* _Exercise description_
Omit the images and output every line of the data below exactly.

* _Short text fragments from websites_
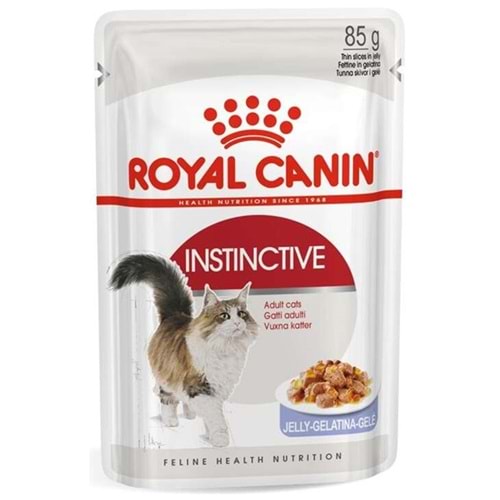 Royal Canin Pouch Instinctive Jelly Jelli Kedi Yaş Maması 85 Gr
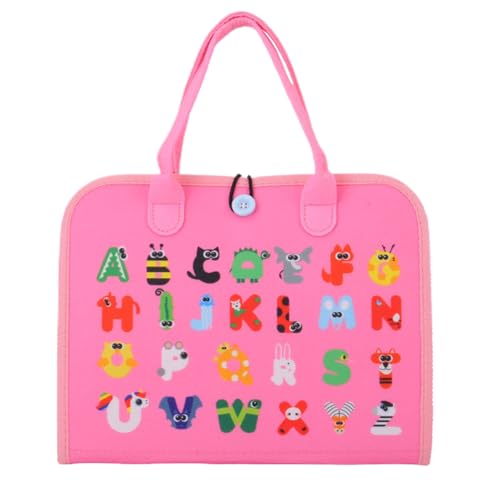 shjxi Kids Busy Toy, Felt Activity Book, Interactive Educational Board, Educational Learning Playset, Early Development for Preschool Classroom, Kindergarten, Travel, Living Room, Car, Quiet Time shjxi Kids Busy Toy, Felt Activity Book, Interactive Educational Board, Educational Learning Playset, Early Development for Preschool Classroom, Kindergarten, Travel, Living Room, Car, Quiet Time von shjxi
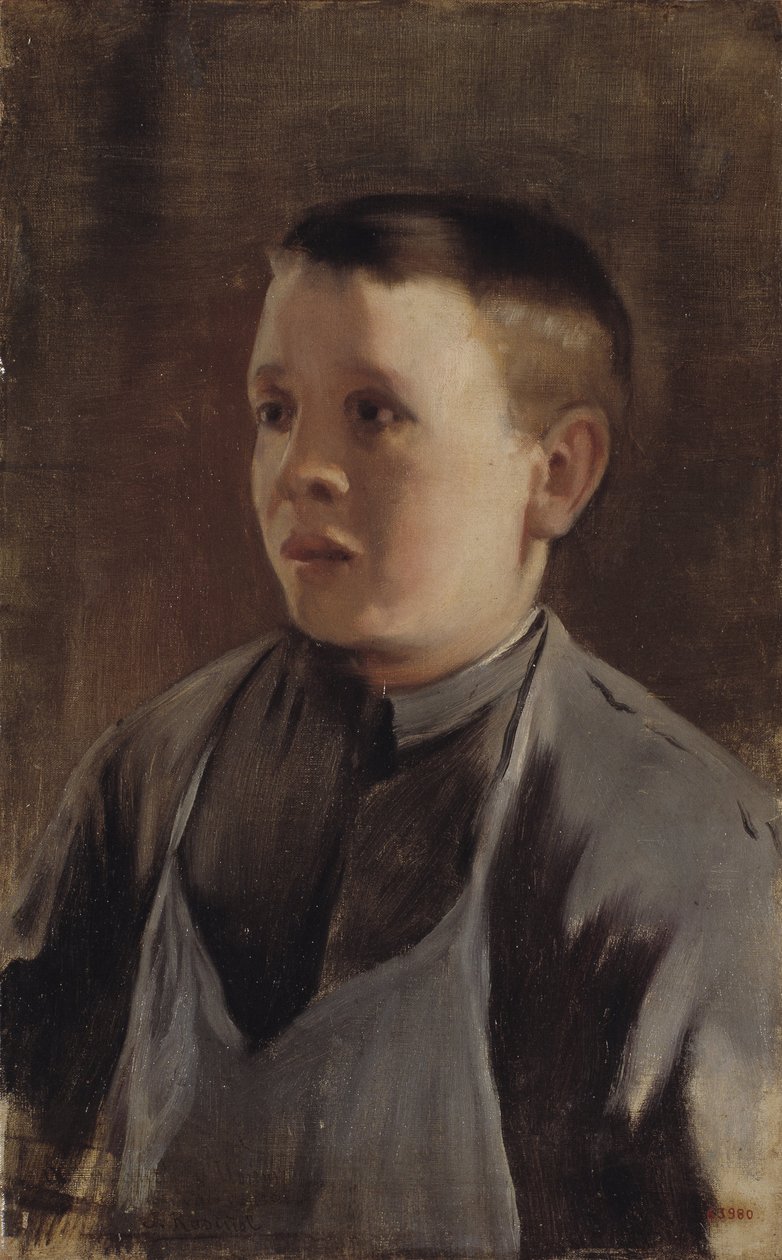 Egy fiú portréja alkotó: Santiago Rusiñol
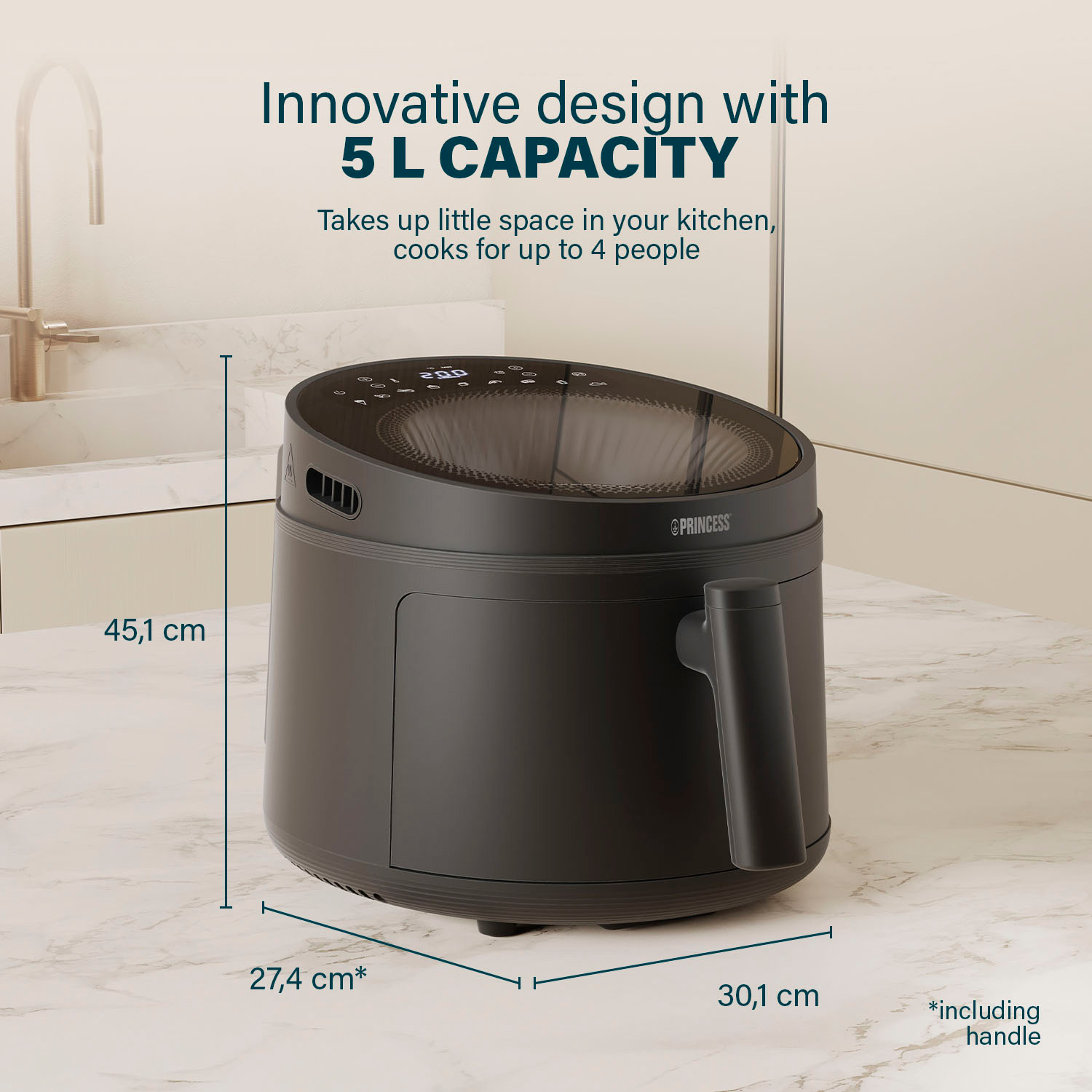 Airfryer Princess Cyclonic Vision 5L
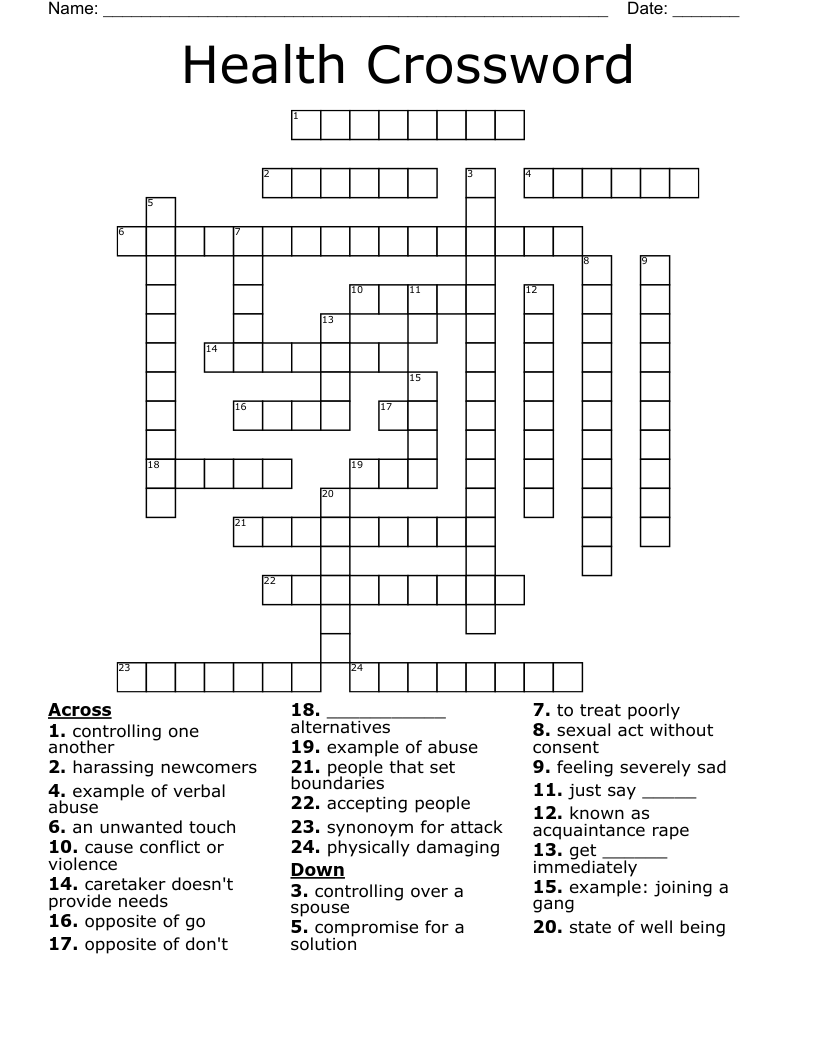 PREA Word Search WordMint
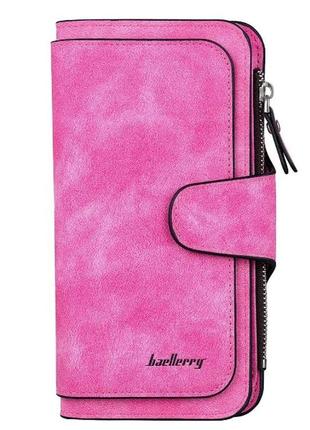 Жіночий замшевий гаманець клатч baellerry в кольорах рожевий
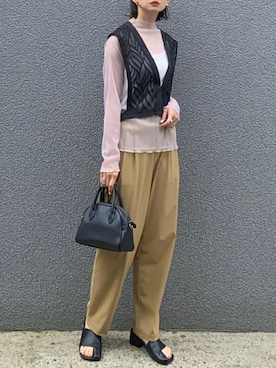 「ボストンバッグ」｜SIZUさん（レディース・156cm）の夏コーディネート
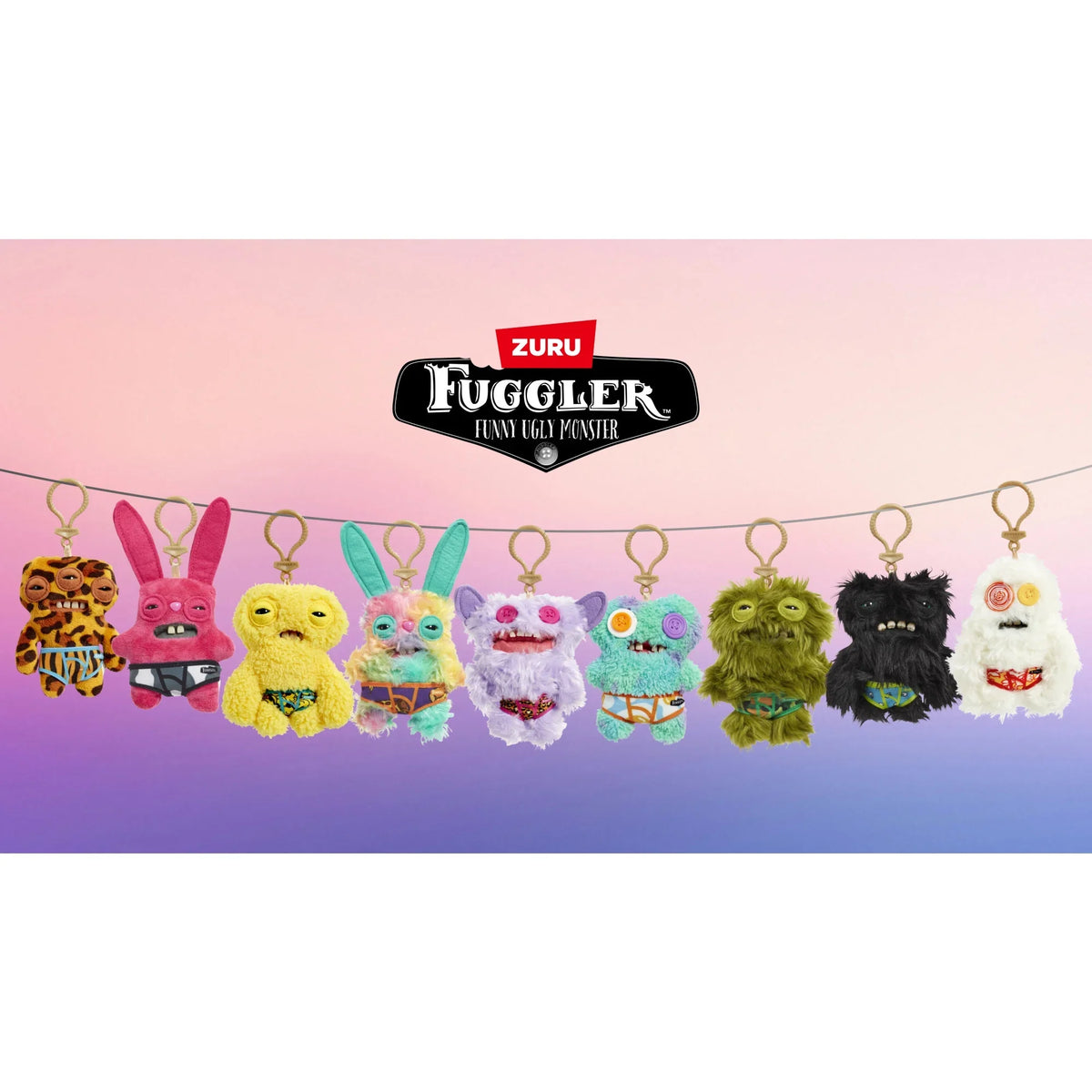 Zuru Fugglers 5 Inch Plush Keyring - Squidge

* _Solution to the problem_
 Royal Canin Pouch Instinctive Jelly Jelli Kedi Yaş Maması 85 Gr
 shjxi Kids Busy Toy, Felt Activity Book, Interactive Educational Board, Educational Learning Playset, Early Development for Preschool Classroom, Kindergarten, Travel, Living Room, Car, Quiet Time shjxi Kids Busy Toy, Felt Activity Book, Interactive Educational Board, Educational Learning Playset, Early Development for Preschool Classroom, Kindergarten, Travel, Living Room, Car, Quiet Time von shjxi
 Egy fiú portréja alkotó: Santiago Rusiñol
 Airfryer Princess Cyclonic Vision 5L
 PREA Word Search WordMint
 Жіночий замшевий гаманець клатч baellerry в кольорах рожевий
 「ボストンバッグ」｜SIZUさん（レディース・156cm）の夏コーディネート
 Zuru Fugglers 5 Inch Plush Keyring - Squidge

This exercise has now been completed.